William of Capraia (died 1264) was the regent for Marianus II of Arborea from 1241 until his death, being entitled "Judge" from 1250 on.

==Biography==
He was the son of Ugo degli Alberti of the Counts of Capraia and Bina, the first wife of Peter I of Arborea, whom he divorced in 1191 and who subsequently remarried (1193).

When Peter II of Arborea died in 1241, William immediately assumed the regency with the alliance of the Gherardeschi, counts of Donoratico, and the Visconti. On 29 September 1250, Pope Innocent IV recognised his sovereignty in Arborea, though the Corona de Logu never did.

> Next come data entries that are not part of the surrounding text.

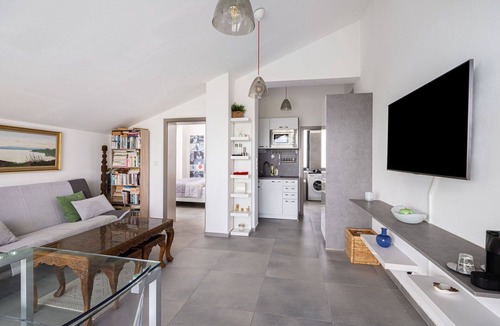 Lany Villa | Stunning villa for 4 people with WIFI, pool, TV, balcony and panoramic view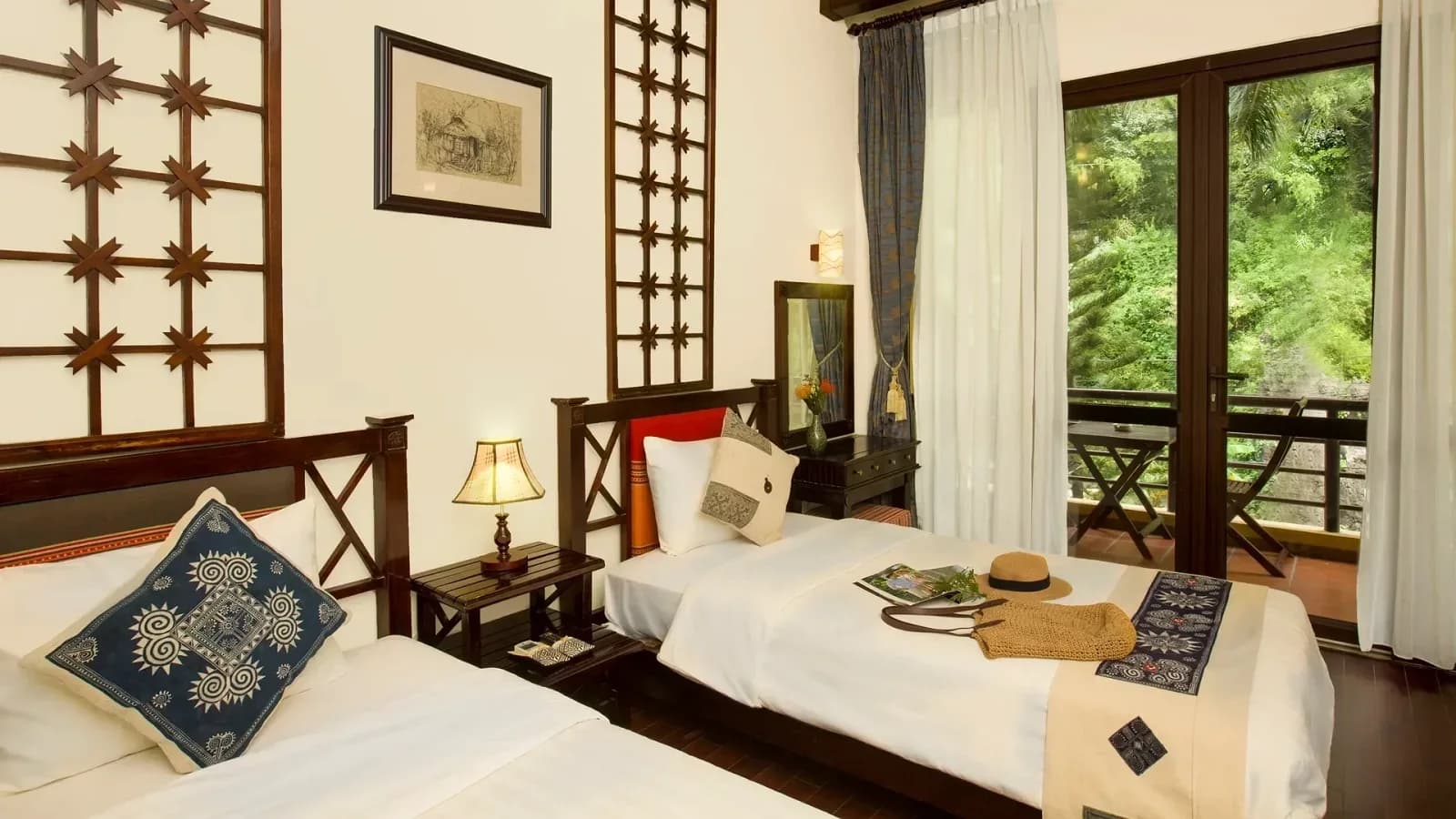 Deluxe Hướng Hồ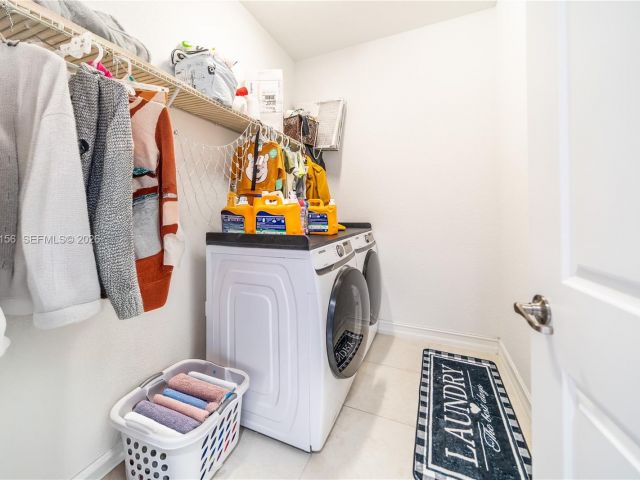 Дом в аренду по адресу 11674 SW 13th Ln 1674 - фото 7513798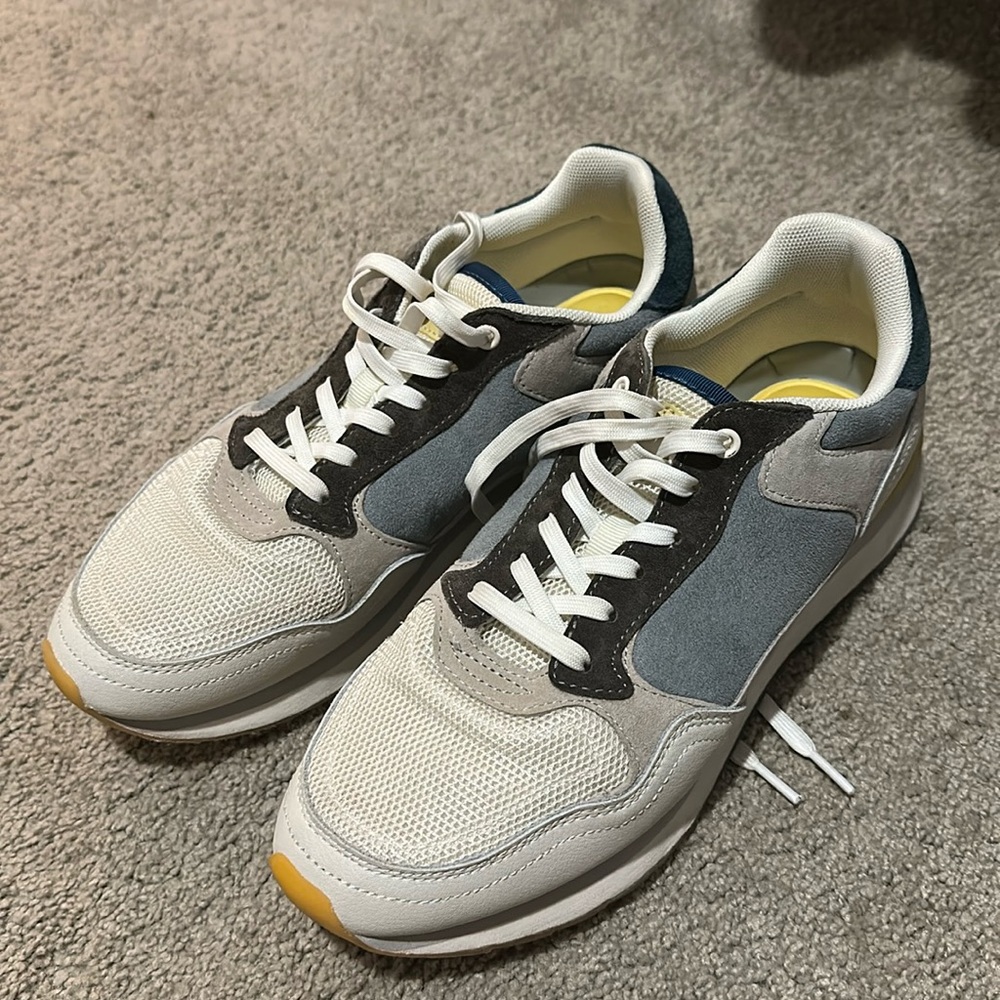 Women’s Hoff city sneakers size US 10 Seattle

In 1257, William led Arborea, along with Gallura and Logudoro, the Pisan giudicati, into a war against Genoese Cagliari. After fourteen months of war, the deposed judge of Cagliari, Salusio VI, was forced to flee and his giudicato was divided up between the victors: a third to Gallura, a third to Arborea, and a third to the Gherardeschi of Pisa. Salusio's capital, Santa Igia, was destroyed. Ogliastra and Sarrabus went to John Visconti of Gallura, while the curatori of Gippi, Nuraminis, Trexenta, Marmilla inferiore, Dolia, Gerrei, and Barbagia di Seulo went to Arborea. Sulcis, Cixerri, Nora, and Decimo were granted to Gherardo and Ugolino della Gherardesca, counts of Donoratico, while Cagliari itself went to the commune of Pisa. By its expansion into the interior of the island, Arborea ensured its long-term survival in the face of external foes.

Next, William pressed his claims to Logudoro – derived from Hugh I of Arborea, who was a uterine brother of Marianus II of Logudoro – by arms. In 1259, he entered into a lifelong battle with the Doria of Genoa after the death of Adelasia, the last ruler of the native dynasty in Logudoro.

When he died in 1264, William left the regency-judgeship to his son Nicholas.